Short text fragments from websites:

-- Opening Marker --

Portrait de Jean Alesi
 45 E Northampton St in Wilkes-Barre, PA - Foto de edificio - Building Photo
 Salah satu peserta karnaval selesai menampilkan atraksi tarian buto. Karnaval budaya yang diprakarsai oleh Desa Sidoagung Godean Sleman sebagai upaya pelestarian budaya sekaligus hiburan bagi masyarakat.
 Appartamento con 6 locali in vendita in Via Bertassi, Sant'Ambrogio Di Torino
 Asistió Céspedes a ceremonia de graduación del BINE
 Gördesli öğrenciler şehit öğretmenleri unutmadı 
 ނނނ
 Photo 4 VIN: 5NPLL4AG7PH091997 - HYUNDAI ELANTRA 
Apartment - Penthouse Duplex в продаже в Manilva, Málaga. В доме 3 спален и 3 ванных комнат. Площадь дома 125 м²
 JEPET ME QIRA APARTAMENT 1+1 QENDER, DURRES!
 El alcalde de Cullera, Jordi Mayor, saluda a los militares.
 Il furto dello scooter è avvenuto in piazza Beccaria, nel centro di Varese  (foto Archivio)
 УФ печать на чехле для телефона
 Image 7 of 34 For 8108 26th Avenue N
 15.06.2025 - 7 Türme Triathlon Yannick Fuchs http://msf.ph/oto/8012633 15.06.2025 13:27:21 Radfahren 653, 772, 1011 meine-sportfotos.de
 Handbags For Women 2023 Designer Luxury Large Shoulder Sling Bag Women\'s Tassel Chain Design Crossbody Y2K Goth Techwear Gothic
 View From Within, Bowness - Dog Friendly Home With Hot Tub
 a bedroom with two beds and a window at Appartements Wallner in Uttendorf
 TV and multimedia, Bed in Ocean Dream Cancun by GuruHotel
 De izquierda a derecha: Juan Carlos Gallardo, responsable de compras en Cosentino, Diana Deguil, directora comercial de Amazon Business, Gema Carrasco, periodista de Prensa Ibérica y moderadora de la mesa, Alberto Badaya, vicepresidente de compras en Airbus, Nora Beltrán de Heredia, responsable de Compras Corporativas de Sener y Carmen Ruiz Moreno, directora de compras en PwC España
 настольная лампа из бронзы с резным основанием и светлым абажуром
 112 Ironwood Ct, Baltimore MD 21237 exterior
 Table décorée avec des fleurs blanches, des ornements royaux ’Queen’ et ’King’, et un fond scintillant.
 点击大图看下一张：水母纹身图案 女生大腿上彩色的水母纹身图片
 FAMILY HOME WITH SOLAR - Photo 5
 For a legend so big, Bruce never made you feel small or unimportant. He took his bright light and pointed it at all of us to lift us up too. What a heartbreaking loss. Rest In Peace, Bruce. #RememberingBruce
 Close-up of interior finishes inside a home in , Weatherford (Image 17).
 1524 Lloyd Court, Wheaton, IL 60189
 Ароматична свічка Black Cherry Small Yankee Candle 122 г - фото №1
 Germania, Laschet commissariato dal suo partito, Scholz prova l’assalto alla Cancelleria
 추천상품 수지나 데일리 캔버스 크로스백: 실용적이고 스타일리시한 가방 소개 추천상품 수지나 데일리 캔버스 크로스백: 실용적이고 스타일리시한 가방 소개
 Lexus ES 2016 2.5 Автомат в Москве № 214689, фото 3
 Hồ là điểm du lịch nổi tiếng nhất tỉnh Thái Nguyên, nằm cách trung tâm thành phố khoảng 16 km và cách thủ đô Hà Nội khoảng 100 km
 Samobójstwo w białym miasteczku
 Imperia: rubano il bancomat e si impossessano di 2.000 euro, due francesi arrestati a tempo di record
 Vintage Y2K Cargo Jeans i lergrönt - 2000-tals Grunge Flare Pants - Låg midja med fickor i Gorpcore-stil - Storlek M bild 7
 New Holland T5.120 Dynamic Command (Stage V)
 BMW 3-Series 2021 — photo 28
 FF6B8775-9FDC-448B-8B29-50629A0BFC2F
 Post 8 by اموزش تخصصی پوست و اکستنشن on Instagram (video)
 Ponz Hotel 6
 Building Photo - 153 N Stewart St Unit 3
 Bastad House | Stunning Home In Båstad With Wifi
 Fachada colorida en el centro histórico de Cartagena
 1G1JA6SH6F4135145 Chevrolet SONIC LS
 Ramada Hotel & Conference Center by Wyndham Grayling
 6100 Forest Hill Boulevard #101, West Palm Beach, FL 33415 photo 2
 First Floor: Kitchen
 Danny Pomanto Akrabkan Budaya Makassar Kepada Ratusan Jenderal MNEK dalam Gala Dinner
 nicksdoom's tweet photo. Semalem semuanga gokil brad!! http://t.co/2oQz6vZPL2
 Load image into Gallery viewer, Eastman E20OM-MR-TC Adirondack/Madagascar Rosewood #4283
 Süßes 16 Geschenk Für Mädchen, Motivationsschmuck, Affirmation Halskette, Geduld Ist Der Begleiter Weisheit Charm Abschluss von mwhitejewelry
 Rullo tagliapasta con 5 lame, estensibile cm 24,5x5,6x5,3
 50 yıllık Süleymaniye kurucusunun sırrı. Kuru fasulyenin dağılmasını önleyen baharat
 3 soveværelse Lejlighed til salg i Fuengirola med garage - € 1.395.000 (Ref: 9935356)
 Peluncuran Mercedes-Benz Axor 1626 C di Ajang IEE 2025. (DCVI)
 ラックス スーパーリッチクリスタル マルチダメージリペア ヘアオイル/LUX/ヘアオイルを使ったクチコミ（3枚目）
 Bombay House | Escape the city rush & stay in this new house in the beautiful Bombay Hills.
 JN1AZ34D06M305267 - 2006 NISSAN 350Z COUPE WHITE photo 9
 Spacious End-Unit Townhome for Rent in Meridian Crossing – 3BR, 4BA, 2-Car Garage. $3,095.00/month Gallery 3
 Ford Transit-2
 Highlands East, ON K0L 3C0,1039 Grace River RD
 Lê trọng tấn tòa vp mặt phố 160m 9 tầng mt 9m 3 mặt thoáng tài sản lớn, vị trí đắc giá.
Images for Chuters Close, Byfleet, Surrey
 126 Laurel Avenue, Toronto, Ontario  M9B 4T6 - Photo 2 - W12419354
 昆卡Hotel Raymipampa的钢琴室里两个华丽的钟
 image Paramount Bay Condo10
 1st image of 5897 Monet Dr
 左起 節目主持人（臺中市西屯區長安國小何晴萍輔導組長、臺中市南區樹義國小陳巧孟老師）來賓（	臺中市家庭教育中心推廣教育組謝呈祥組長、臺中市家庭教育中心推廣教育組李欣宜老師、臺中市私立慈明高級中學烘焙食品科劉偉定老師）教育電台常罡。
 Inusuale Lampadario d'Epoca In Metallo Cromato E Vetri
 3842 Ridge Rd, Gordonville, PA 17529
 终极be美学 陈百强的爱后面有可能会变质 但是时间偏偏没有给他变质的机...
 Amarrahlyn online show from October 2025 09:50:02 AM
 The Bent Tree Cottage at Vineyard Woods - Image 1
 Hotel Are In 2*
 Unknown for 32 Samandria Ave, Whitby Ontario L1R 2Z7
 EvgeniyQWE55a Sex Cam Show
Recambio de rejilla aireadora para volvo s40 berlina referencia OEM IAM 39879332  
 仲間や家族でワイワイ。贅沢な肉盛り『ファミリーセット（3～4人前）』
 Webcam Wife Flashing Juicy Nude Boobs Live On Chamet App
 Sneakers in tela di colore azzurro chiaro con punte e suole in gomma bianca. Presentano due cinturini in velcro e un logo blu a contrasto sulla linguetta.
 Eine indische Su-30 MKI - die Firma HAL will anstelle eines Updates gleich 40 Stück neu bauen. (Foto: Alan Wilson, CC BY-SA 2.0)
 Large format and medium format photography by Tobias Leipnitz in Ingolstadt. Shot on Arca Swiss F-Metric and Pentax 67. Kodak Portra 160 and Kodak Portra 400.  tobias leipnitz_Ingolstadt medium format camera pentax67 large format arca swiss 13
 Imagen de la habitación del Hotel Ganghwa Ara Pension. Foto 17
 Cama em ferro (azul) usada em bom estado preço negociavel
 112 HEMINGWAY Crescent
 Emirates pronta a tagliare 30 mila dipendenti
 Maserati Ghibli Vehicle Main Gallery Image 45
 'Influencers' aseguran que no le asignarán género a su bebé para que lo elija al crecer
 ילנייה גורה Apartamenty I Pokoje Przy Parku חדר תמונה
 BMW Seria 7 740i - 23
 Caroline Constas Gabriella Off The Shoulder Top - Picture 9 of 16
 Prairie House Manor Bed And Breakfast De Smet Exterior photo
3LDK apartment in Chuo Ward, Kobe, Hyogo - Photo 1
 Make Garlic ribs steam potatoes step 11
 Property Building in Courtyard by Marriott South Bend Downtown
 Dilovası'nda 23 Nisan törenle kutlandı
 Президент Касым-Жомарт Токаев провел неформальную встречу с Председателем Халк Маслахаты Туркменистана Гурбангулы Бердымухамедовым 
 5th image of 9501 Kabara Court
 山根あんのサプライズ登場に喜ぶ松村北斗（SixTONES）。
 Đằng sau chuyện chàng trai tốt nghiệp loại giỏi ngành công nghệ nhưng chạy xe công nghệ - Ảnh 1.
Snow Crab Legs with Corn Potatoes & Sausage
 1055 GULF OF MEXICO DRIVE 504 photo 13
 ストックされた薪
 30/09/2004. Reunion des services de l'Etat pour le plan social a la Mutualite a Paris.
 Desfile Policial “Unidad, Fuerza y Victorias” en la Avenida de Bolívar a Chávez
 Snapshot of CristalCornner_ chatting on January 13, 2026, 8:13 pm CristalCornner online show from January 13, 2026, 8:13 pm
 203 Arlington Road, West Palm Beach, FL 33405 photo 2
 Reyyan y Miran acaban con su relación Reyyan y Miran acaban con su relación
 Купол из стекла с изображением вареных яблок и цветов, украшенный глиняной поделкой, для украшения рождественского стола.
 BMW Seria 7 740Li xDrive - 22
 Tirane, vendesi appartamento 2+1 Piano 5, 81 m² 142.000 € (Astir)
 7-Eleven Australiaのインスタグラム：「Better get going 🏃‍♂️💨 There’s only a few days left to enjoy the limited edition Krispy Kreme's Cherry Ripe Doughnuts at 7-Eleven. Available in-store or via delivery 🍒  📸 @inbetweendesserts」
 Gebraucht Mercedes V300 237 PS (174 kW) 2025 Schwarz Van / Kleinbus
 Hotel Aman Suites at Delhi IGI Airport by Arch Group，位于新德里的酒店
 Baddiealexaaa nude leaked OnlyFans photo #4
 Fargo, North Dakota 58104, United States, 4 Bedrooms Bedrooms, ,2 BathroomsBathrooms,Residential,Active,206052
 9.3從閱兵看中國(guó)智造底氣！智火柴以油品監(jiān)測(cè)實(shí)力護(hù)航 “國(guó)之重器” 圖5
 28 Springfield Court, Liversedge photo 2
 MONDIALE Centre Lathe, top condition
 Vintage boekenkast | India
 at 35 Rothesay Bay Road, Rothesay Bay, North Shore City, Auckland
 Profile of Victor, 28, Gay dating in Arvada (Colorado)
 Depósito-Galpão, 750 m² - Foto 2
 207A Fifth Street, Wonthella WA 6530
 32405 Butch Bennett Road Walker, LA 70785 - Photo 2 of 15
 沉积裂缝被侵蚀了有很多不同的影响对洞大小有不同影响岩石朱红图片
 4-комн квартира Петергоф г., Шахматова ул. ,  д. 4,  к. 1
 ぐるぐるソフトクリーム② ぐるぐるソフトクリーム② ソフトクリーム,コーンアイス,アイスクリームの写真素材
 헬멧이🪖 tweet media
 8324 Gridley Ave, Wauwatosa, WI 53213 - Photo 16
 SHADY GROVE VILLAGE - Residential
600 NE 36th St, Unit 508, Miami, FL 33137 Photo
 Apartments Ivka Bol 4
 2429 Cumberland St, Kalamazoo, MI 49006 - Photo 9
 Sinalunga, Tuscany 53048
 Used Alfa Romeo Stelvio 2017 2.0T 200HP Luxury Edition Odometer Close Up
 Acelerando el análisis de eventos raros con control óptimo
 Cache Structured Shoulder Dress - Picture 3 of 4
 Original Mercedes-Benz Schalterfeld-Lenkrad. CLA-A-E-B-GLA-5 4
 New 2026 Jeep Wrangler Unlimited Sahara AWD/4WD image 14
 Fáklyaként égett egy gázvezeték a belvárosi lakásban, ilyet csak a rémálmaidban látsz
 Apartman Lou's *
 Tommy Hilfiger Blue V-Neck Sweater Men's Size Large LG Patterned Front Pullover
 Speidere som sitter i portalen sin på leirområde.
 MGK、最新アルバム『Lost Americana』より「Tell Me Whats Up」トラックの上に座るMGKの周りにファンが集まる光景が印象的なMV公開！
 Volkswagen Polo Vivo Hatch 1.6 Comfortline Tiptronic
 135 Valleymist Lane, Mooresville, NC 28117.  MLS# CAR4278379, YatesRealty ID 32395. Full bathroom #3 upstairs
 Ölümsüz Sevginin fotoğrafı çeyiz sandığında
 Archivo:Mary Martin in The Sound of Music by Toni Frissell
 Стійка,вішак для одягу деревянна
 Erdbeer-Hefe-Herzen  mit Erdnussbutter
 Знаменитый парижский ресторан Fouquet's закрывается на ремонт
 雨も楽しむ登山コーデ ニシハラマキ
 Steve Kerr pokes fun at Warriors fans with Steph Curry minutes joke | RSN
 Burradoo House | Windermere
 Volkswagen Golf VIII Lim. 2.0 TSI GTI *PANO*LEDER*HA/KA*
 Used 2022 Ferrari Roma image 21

-- Closing Marker --

**Brief**
Among the entries above, the line containing "7-Eleven Australiaのインスタグラム：「Better get", the line containing "Gebraucht Mercedes V300", and all lines between them are to be restated word for word; nothing else belongs in the reply.

**Finished task**
 7-Eleven Australiaのインスタグラム：「Better get going 🏃‍♂️💨 There’s only a few days left to enjoy the limited edition Krispy Kreme's Cherry Ripe Doughnuts at 7-Eleven. Available in-store or via delivery 🍒  📸 @inbetweendesserts」
 Gebraucht Mercedes V300 237 PS (174 kW) 2025 Schwarz Van / Kleinbus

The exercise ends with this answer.